After his retirement from the Army in 1967, Zierdt remained very active in the Huntsville, Alabama, community, spearheading efforts to establish the University of Alabama in Huntsville. He also proposed that the Army and NASA combine forces to establish a museum to commemorate the history of missile and space systems. This concept became the U.S. Space and Rocket Center.

Sarah W. Clements

Sarah W. "Sally" Clements was the Assistant Chief of the Office of Project Management at AMC for eleven years (1964 to 1975). Lt. Gen. George Sammet Jr. summed up the important influence that Clements had during her tenure at AMC, "General Besson was the first father of Army Project Managers (PMs)… at that time every PM reported directly to him, everyone… if he was the father, Sally Clements was the mother. And so they all kind of ran to Sally since the PMs all (knew) that Sally had General Besson's ear. I was a Colonel, on the (Department of the Army) staff and I, too, went to Sally. I, too, said, 'Ma'am.' She was number two in the Command around Washington as far as the PMs were concerned."

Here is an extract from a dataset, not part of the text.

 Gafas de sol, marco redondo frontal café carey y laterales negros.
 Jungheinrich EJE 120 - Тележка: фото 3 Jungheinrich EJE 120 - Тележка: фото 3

In 1975, as Assistant Deputy for Materiel Acquisition in the Office of the Assistant Secretary of the Army (Installations and Logistics), Clements became the first female career civilian super grade in the Army. She capped a career of unparalleled government service by serving as the Deputy for Materiel Acquisition Management, Office of the Assistant Secretary of the Army, a position from which she retired in 1981.